= Shuttlecraft =

Smaller vessel that is launched from a mother ship

A shuttlecraft, also known as a shuttle spacecraft, shuttle ship, drop shuttle, drop spacecraft, or dropship, is a type of spacecraft described in theory and science fiction. Serving the same purpose as a ship's tender, it is a smaller vessel that is launched from a mother ship, and has the ability to transport people or cargo between ships, or to and from a planet's surface without being damaged or destroyed. It has a secondary purpose as an evacuation ship if the mother ship is destroyed. While the Space Shuttle was envisioned to make this type of craft a reality and reduce the cost of going into space, it ultimately failed in its goal and expendable launch systems remained a more cost-effective option.

== Examples ==
The idea of a shuttle craft used for space travel first appeared in The Great Romance (1881), where it was called the Midge and was used to explore Venus. These types of craft later became a mainstay of science fiction. The use of the word "shuttle" was taken from nautical terminology.

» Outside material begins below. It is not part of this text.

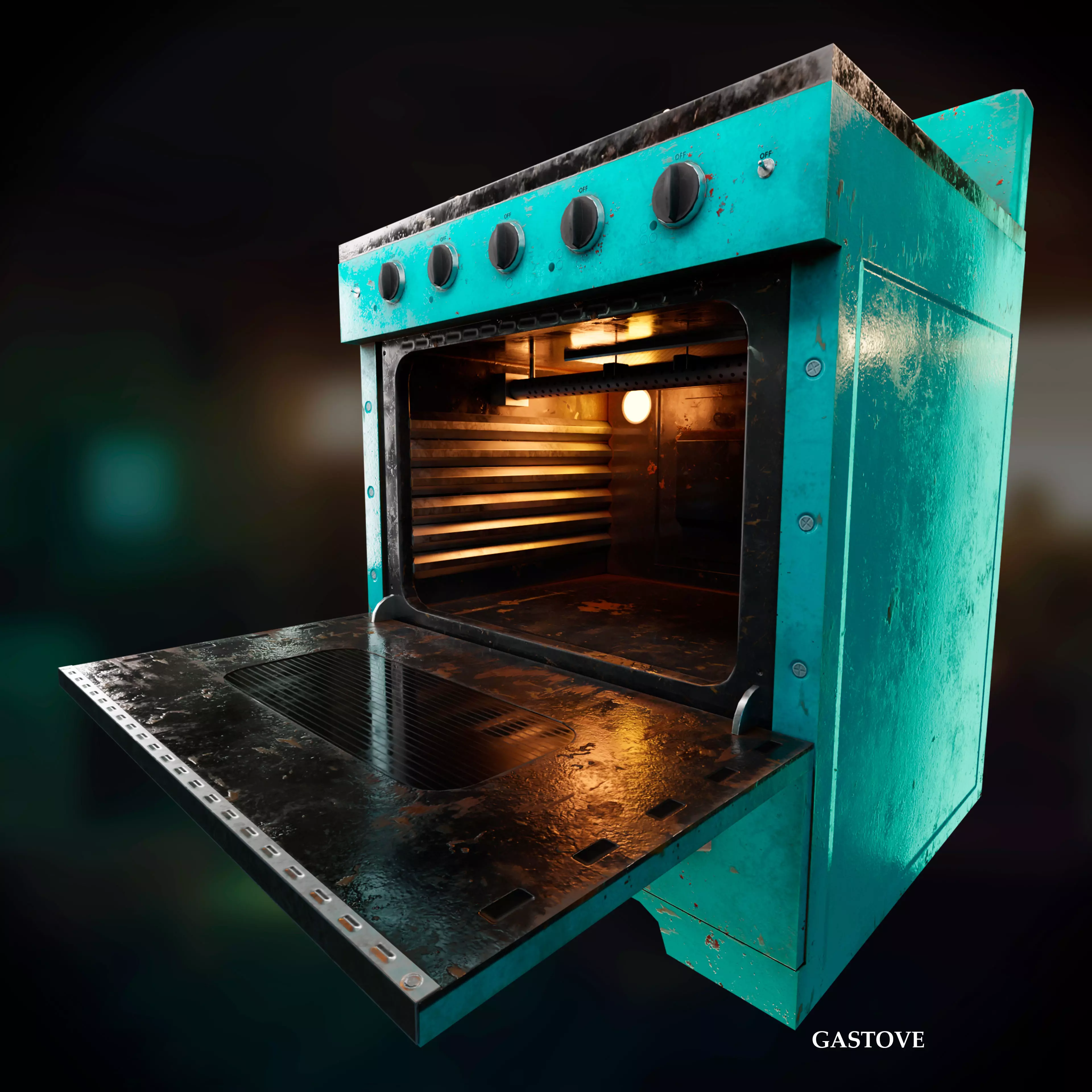 Old Gas Stove Metallic Dirty and Clean Low-poly 3D model_0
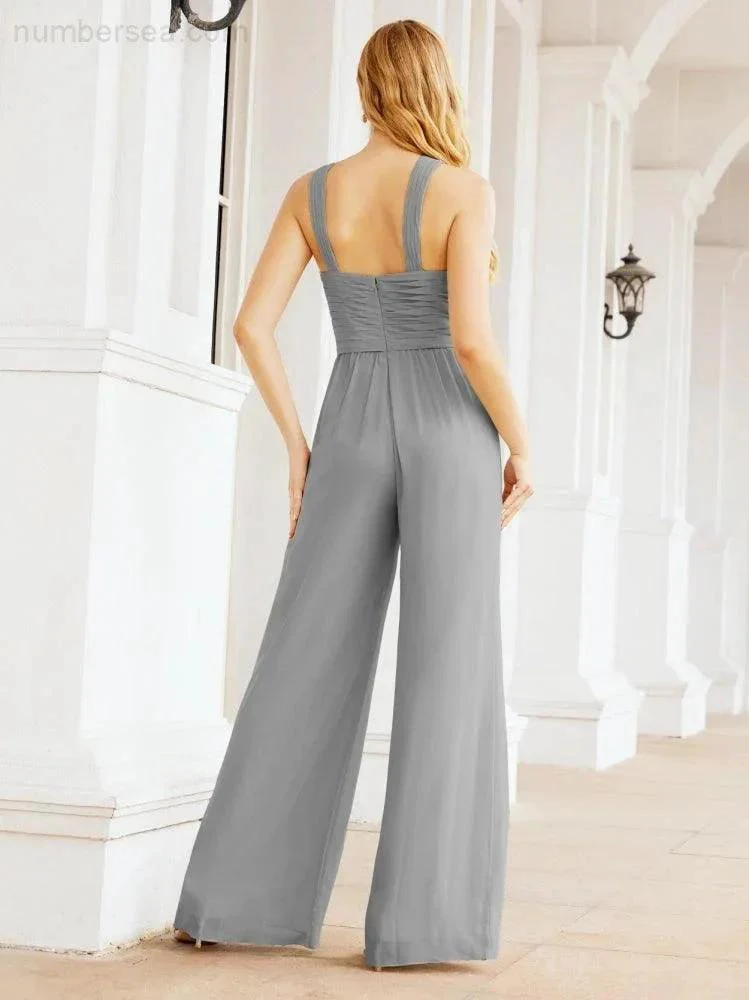 Numbersea Crisscross Neck Jumpsuit Formal Evening Dress Long Bridesmaid Dresses Bell-bottomed Pants 28033 - Image 74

The idea was later used in Star Trek, where they are called shuttlecraft. Similar craft are also used by the Visitors in V, and a more military-styled version known as the UD-4 Cheyenne-class dropship was used in Aliens (1986), popularizing the use of the term to refer to shuttles that serve the same purpose as military transport aircraft. The dropship concept was a major plot point in the 2009 film District 9.

Usage in video games includes the drop shuttles from Mass Effect and the Pelicans and dropships from Halo, as well as the Terran dropship unit in the StarCraft series.

Shuttlecraft have seen widespread use by all the major factions in the Star Wars franchise. There are numerous variations on the concept within the Star Wars expanded universe, but the main uses include use as: drop-ships, boarding craft, assault landing craft, and as non-combat personnel transports.

== Hypothetical usage ==
The use of shuttle ships was proposed as a means for economical transport to Mars. People would ride a shuttle to a mother ship in orbit around the Sun, which would not need to slow down. This would increase the speed of travel from Earth to Mars, being able to transport hundreds of people at regular intervals.